Si c’est le salarié qui est à l’origine, les choses sont moins simples car il faut envisager plusieurs cas de figure :

  • 1)  Le salarié demande à fractionner ses congés payés : l’employeur accepte et lui attribue des jours de fractionnement si le solde au 31 octobre est suffisant.
  • 2)  Le salarié demande à fractionner ses congés payés mais l’employeur refuse, le fractionnement est impossible.
  • 3)  Le salarié demande à fractionner ses congés payés, l’employeur accepte mais lui demande à renoncer aux jours de fractionnement (le salarié pourra accepter ou renoncer au fractionnement)

Nous constatons que nous devons faire appel à des considérations particulières et à traitement « humain ».

3.   La « traduction » jours ouvrés/jours ouvrables :

Le code du travail prévoit le calcul du droit aux congés payés en jours ouvrables, mais certaines entreprises chiffrent ce droit en jours ouvrés.

Il faut alors se méfier d’une traduction « stricte » du droit !
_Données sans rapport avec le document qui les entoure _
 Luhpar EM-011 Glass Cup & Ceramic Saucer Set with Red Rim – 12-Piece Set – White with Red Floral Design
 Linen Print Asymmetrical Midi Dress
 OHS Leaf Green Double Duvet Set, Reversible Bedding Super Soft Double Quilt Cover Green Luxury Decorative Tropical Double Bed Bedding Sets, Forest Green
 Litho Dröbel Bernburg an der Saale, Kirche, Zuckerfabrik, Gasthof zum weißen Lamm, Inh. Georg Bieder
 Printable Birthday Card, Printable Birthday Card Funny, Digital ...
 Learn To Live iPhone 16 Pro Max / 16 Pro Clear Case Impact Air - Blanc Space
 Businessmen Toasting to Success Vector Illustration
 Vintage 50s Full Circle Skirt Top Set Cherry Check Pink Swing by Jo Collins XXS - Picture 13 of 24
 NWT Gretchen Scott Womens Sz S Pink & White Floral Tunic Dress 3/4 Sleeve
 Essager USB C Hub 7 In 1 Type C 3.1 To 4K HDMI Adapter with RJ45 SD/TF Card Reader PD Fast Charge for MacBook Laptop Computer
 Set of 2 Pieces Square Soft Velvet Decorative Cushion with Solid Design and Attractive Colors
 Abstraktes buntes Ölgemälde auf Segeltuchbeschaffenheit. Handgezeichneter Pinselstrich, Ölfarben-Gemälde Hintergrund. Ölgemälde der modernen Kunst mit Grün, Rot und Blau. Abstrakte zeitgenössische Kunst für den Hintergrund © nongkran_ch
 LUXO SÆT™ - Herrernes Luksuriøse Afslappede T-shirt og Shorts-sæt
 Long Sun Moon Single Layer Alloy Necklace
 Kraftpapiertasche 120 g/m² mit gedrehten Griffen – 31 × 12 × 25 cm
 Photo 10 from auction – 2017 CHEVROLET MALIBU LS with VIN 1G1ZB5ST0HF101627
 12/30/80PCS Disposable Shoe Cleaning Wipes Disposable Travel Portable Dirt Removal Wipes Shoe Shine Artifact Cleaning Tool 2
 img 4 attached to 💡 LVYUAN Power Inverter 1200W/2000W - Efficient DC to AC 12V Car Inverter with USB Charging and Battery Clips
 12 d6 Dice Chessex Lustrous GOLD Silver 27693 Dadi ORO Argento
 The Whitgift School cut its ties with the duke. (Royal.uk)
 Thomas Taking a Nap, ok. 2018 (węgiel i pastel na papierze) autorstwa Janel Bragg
En effet, indiquer à un salarié qui justifie d’une présence sans aucune absence pendant la période de référence que son droit en jours ouvrables de 30 jours correspond à 25 jours ouvrés serait une erreur fatale !

Prenons un exemple :

  • Un salarié part en congés payés pendant une semaine complète, dans laquelle figure un jour férié habituellement chômé dans l’entreprise qui se situe le samedi.
  • Dans un décompte en jours ouvrables :
  • Le salarié aura utilisé 5 jours de congés (du lundi au samedi moins le samedi férié)
  • Dans un décompte en jours ouvrés :
  • Le salarié aura utilisé 5 jours de congés (du lundi au vendredi, le samedi n’est pas compté dans ce le décompte en jours ouvrés)
  • Le salarié sera alors lésé, l’entreprise devra lui attribuer un jour de congé supplémentaire.
  • Il me semble dangereux de laisser cette gestion particulière à un logiciel, il est prudent de faire appel à un gestionnaire de paie.

En conclusion, les logiciels de gestion des congés payés peuvent être une aide non négligeable pour les gestionnaires de paye, les responsables RH, les chefs d’entreprise et les salariés.

Ils ne peuvent selon moi, gérer en toute autonomie la totalité des particularités liées à la gestion des congés payés.